A possible sequence of type inferences is as follows:

x: list('A)				; from null(x)
'A = 'C = 'D				; from (car x), (cdr x)
(car x): 'A
(cdr x): list('A)
(append (cdr x) y): list('A)		; from defn of cons
y: list('A)
append: list('A) x list('A) -> list('A)

Thus, append takes two argument lists and returns a result list and all three lists must have the same element type. This example shows traditional Milner-style type assignment at its best. We now look more carefully at the data structures created during the process of unification. Here we assume a "fast" unification algorithm similar to that found in [Aho86,p.376]. The important thing is that all variables 'Z share the same node, and that nodes like "list('Z)" are not necessarily the same, and start out being (usually) different.
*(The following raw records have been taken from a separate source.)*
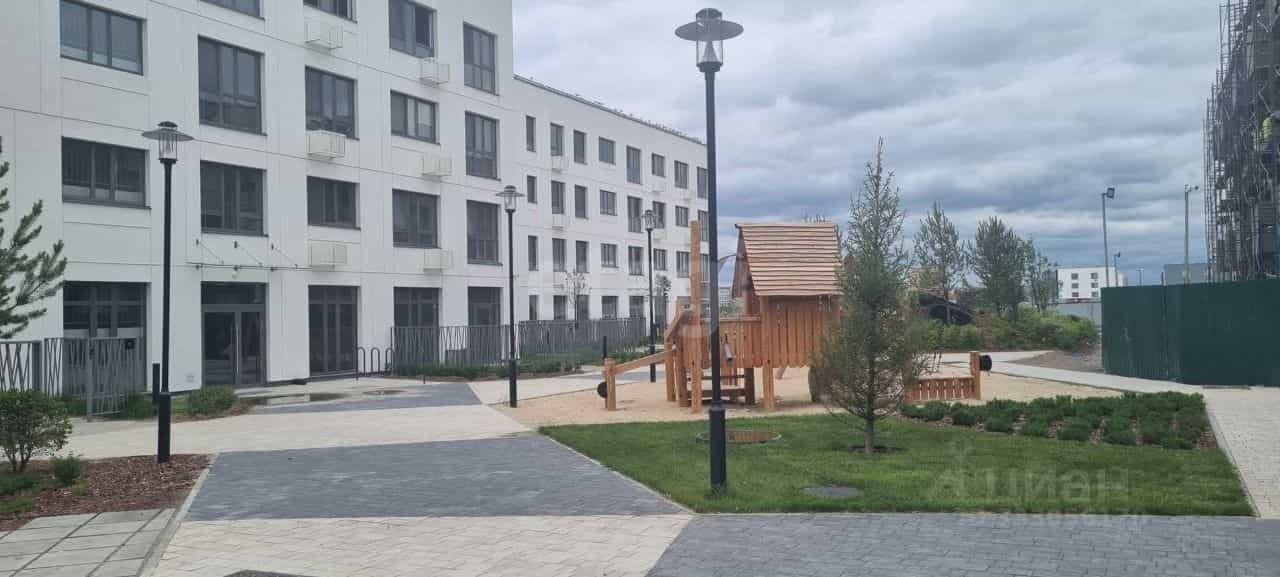 Россия, Тюмень, улица Сергея Свиридова, 15, фото 23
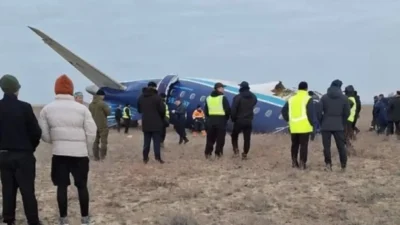 Azerbaycan’a ait yolcu uçağı Kazakistan’da düştü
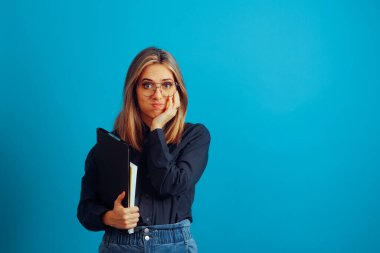 Stresli Öğretmen Bilmece Hisseden Ders Kitapları Tutuyor  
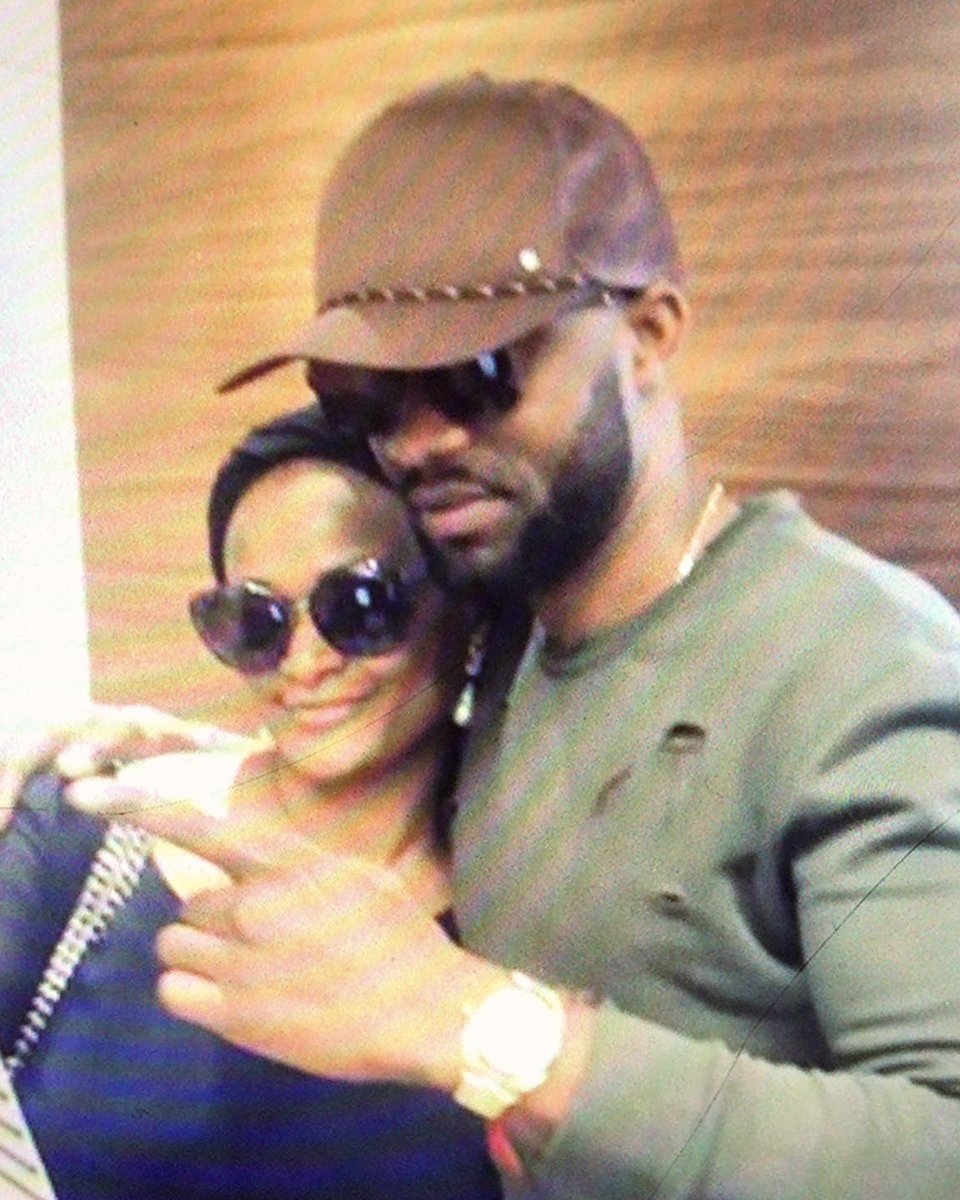 WivineMoleka's tweet photo. Bon concert à mon frère @fallyipupa01 🙌🏾
Ce concert restera gravé dans l’histoire.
We now redefine the types of the primitive functions, being more careful about different instances of nodes like "list('Z)". We distinguish these differences by means of subscripts. It is vitally important, however, that the instances are subscripted in accordance with the sharing semantics of the functions being typed, as we shall later see.

if:	boolean x 'E x 'E -> 'E			; no change
null:	list1('A) -> boolean
cons:	'B x list2('B) -> list2('B)
car:	list3('C) -> 'C
cdr:	list4('D)-> list4('D)

Now, when we do Milner-style unification, we can see the different instances getting unified.

y: 'E					; from (if ...)
x: list1('A)				; from (null x)
list3('C) = list1('A)			; from (car x)
'C = 'A
list4('D) = list1('A)			; from (cdr x)
'D = 'A
'B = 'C					; from (cons ...)
(append ...): list2('B)			; from (cons ...)
'E = list2('B)				; from (if ...) and result

To summarize:

'A = 'B = 'C = 'D
x: list1('A) = list3('C) = list4('D)
y: 'E = list2('B)
append: list1('A) x list2('A)-> list2('A)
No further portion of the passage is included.